Copy the data below exactly, but not the pictures it contains.

(Dataset entries)
--- START ---

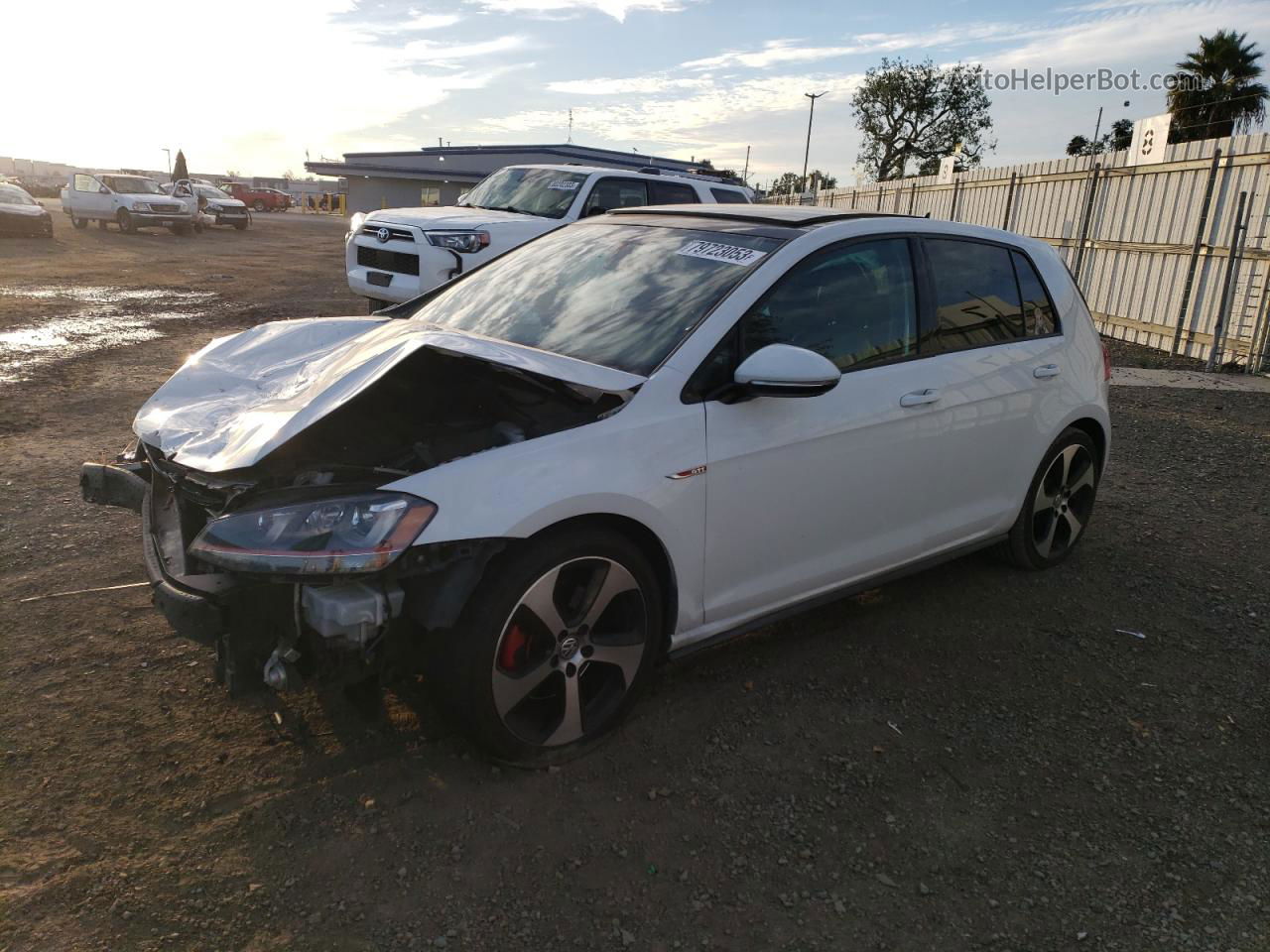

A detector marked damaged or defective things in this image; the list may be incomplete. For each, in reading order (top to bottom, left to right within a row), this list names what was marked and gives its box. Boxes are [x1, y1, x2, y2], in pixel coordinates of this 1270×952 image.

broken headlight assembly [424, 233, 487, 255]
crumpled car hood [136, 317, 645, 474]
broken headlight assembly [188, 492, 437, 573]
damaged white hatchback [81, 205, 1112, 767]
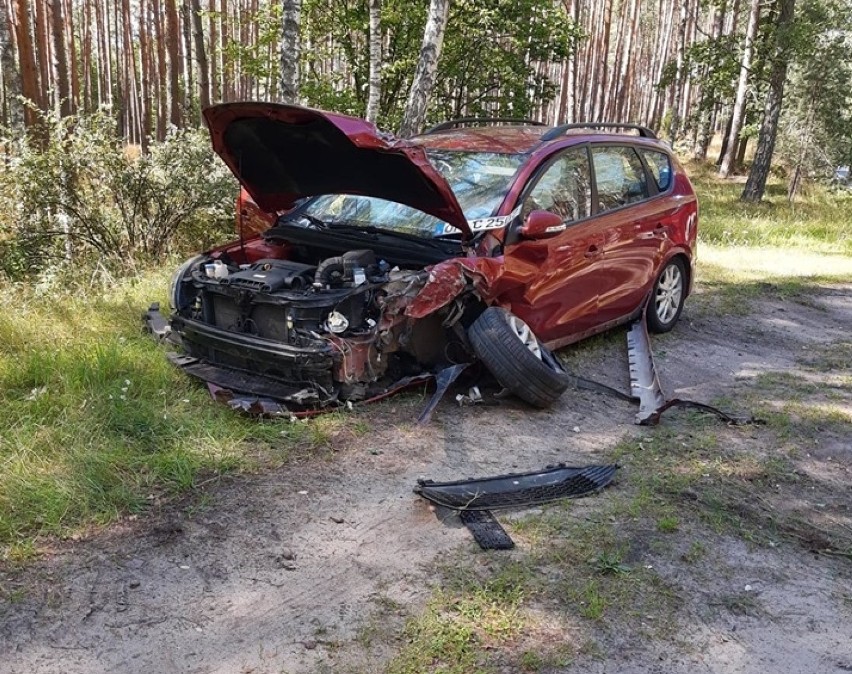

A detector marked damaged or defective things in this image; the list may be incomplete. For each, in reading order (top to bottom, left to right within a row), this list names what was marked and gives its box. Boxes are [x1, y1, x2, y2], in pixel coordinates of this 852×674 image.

--- END ---

- **EXERCISE ANSWER**:
A detector marked damaged or defective things in this image; the list may be incomplete. For each, in reading order (top to bottom, left to right within a row), this list names what was marked and gives its box. Boxes are [x1, y1, x2, y2], in pixel coordinates of this 1270×952 image.

broken headlight assembly [424, 233, 487, 255]
crumpled car hood [136, 317, 645, 474]
broken headlight assembly [188, 492, 437, 573]
damaged white hatchback [81, 205, 1112, 767]

A detector marked damaged or defective things in this image; the list may be incomplete. For each, in reading order (top to bottom, left to right within a row), this list names what was marked and gives its box. Boxes are [x1, y1, x2, y2], in pixel coordinates of this 852×674 image.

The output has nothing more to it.